Use of Seismic-Derived Attribute for Internal Reservoir Description: A Case History
Sala, Claudio, Luca Baruffini, Fabio Luoni, Anna Pizzo, Marco Rovellini, ENI -Exploration & Production, San Donato Milanese, Italy
The opening of the deep-water frontier highlights the importance of integrating well data with the information coming from different sources, to reduce the appraisal costs and improve the reservoir knowledge. The presented case history illustrates a semi-quantitative approach for integrating seismic information for the internal reservoir description.
The reservoir is characterised by deep-water channel-lobe systems. The complex internal architecture reflects the coexistence of surge-type gravity flow and sustained currents.

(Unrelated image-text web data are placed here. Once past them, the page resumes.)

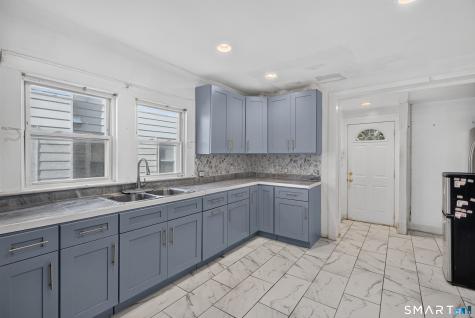 810 Briarwood Avenue Bridgeport CT 06604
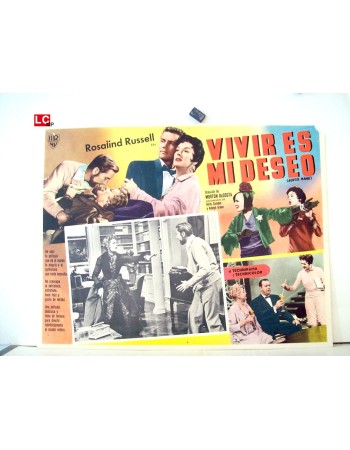 AUNTIE MAME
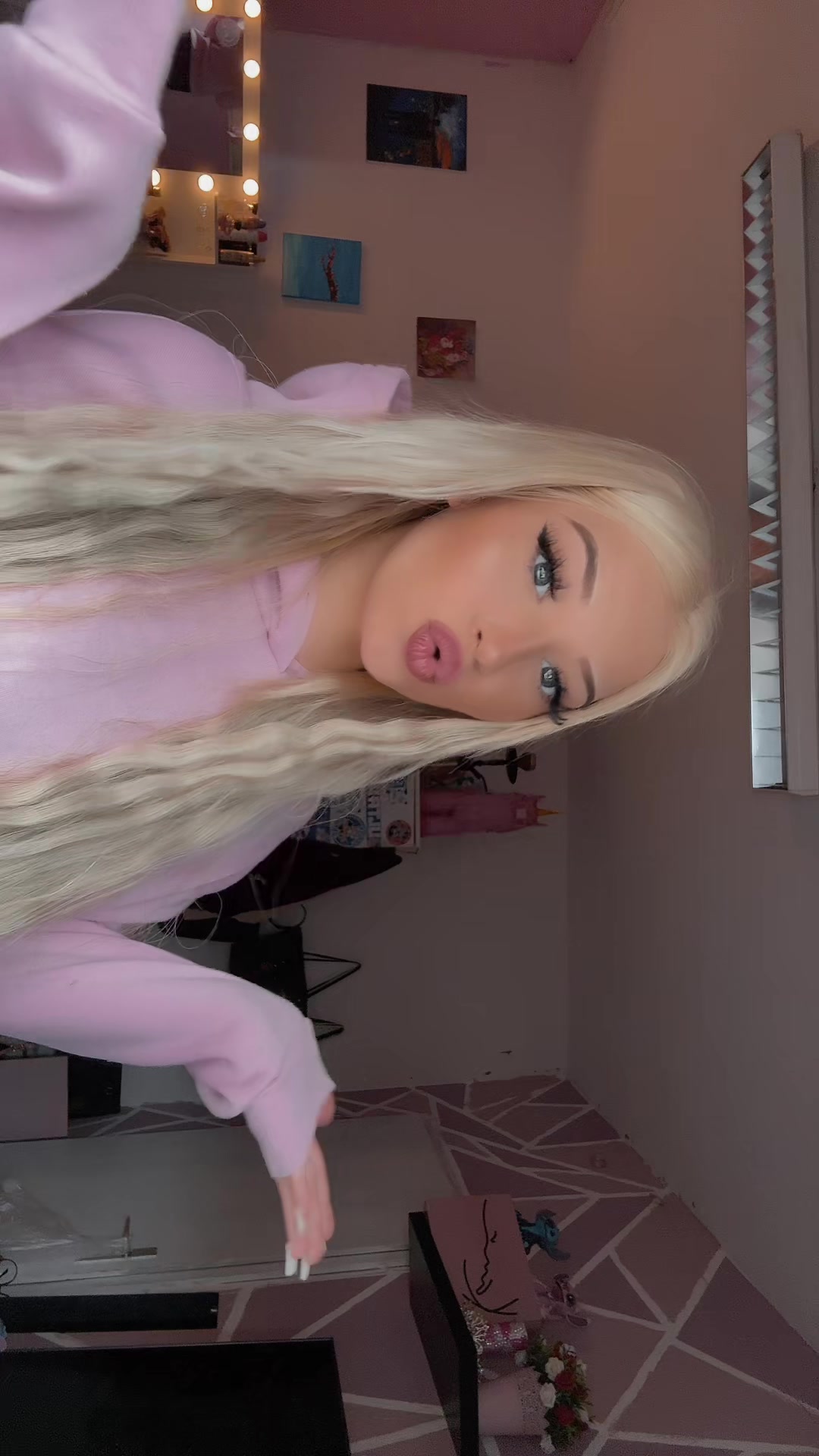 @Dana 🤍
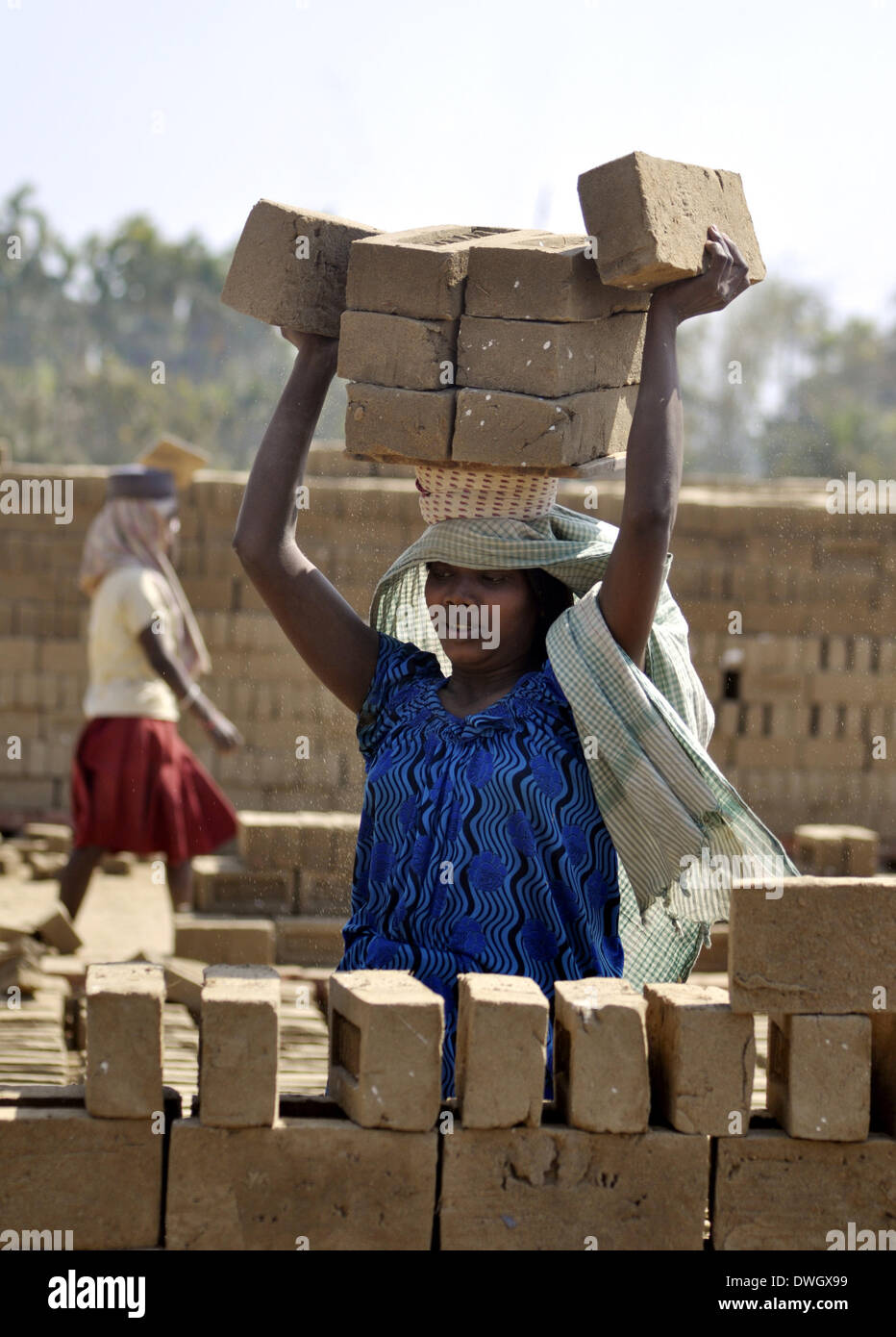 (140308) -- d'Agartala, le 8 mars 2014 (Xinhua) -- une femme ouvrier travaille dans un four en briques au cours de la Journée internationale de la femme à la périphérie de Agartala, Inde, le 8 mars 2014. (Xinhua/Stringer) Banque D'Images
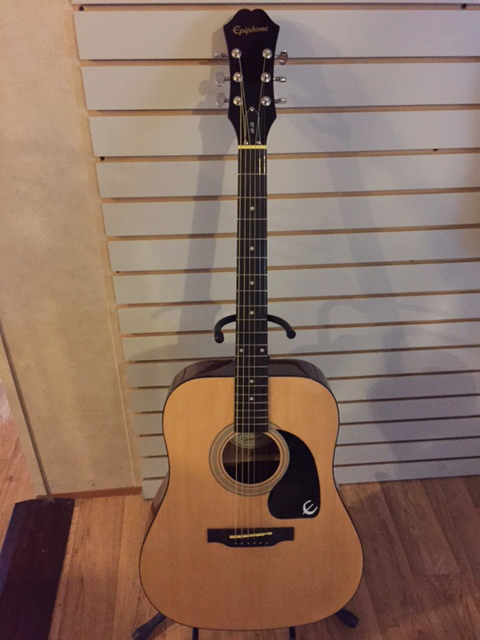 Epiphone - DR100/NA (used)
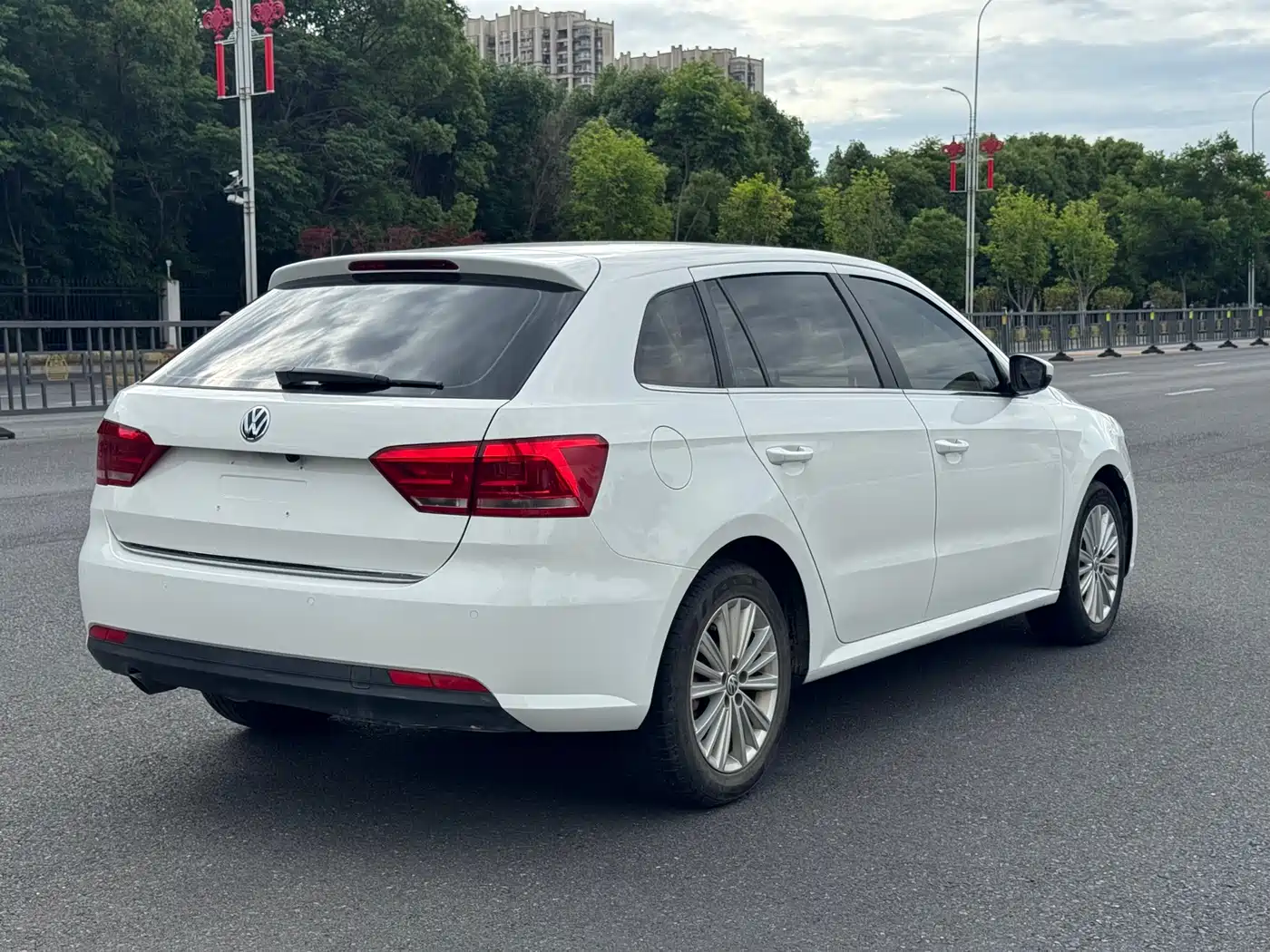 Volkswagen Lavida Tour 2014 1.6L Automatic Sport фото 5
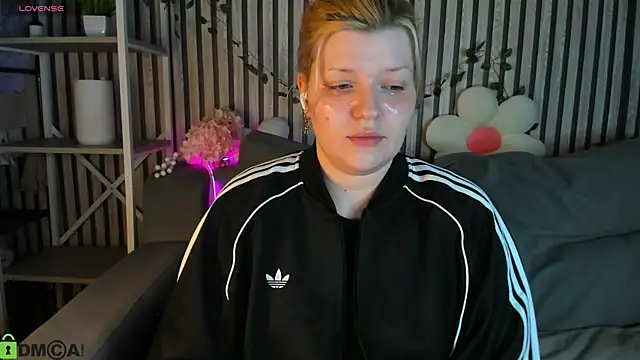 Snapshot of Michele_Greenn chatting on 07-06-26, 01:13 Michele Greenn online show from 07-06-26, 01:13
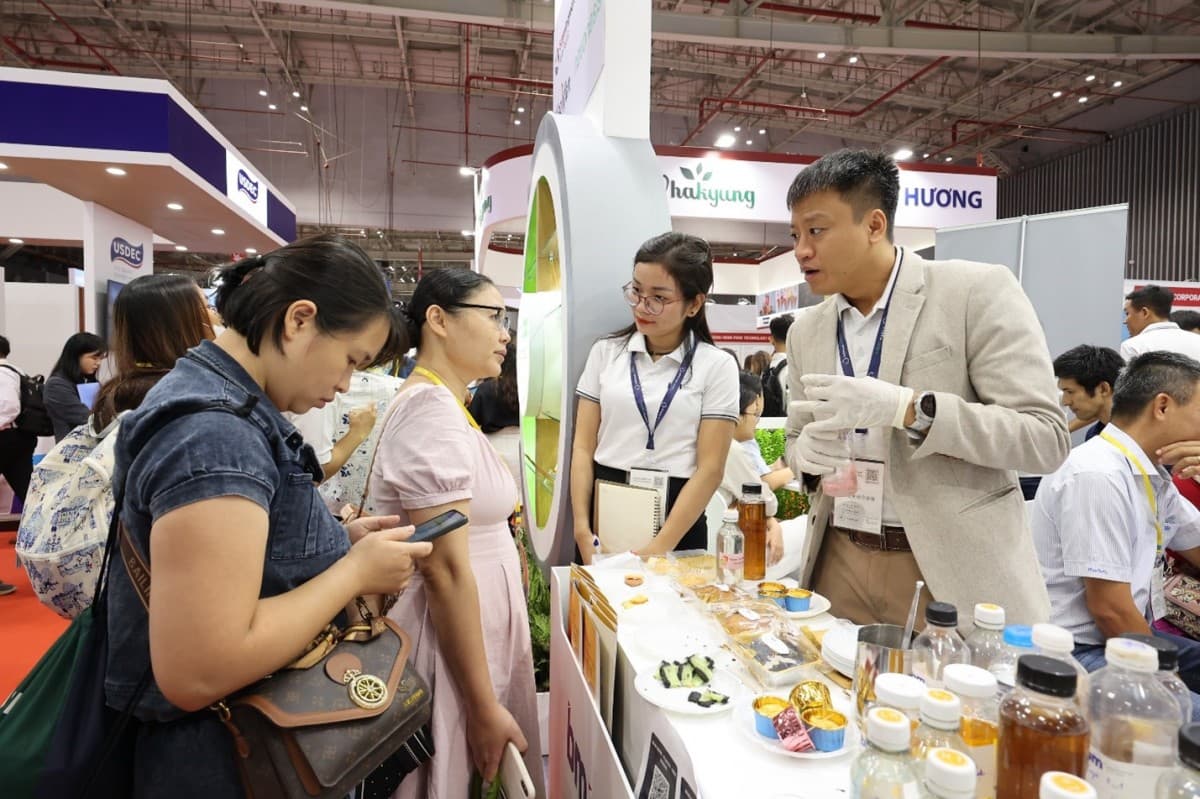 8,424 taste makers gather at FI Vietnam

These two mechanisms, together with the channel system evolution have a big impact in the facies distribution and, in the view of reservoir management, in the geometry and in the quality of the sands.
In this perspective, a reliable and constrained distribution of the heterogeneity in the reservoir levels is a basic factor to optimise the development, reducing uncertainties and minimizing risk.
The applied approach uses the seismic information for facies distribution, integrating data at the well and seismic scale, also accounting for the peculiar sand deposition mechanisms of the current sedimentary environment.
Using a statistical methodology, well logs and core data are used to define a very detailed facies distribution at the well (well-facies). In parallel, the seismic volume has been inverted to elastic attribute and calibrated to acoustic facies (seis-facies) defined by petroacousticelastic modelling using well data.
Next, a quantitative relationship has been found between well-facies and seis-facies. The final distribution of well-facies has been obtained using the 3D seis-facies volume to steer the geostatistical simulations, capturing the depositional system heterogeneity and evolution. Petrophysical properties are finally simulated inside each facies according with the core analysis and the log interpretation.
At the end, a series of reliable pictures of the reservoir obtained with this methodology has been successfully used for a trustworthy reserves risk assesment and for the well plan optimisation.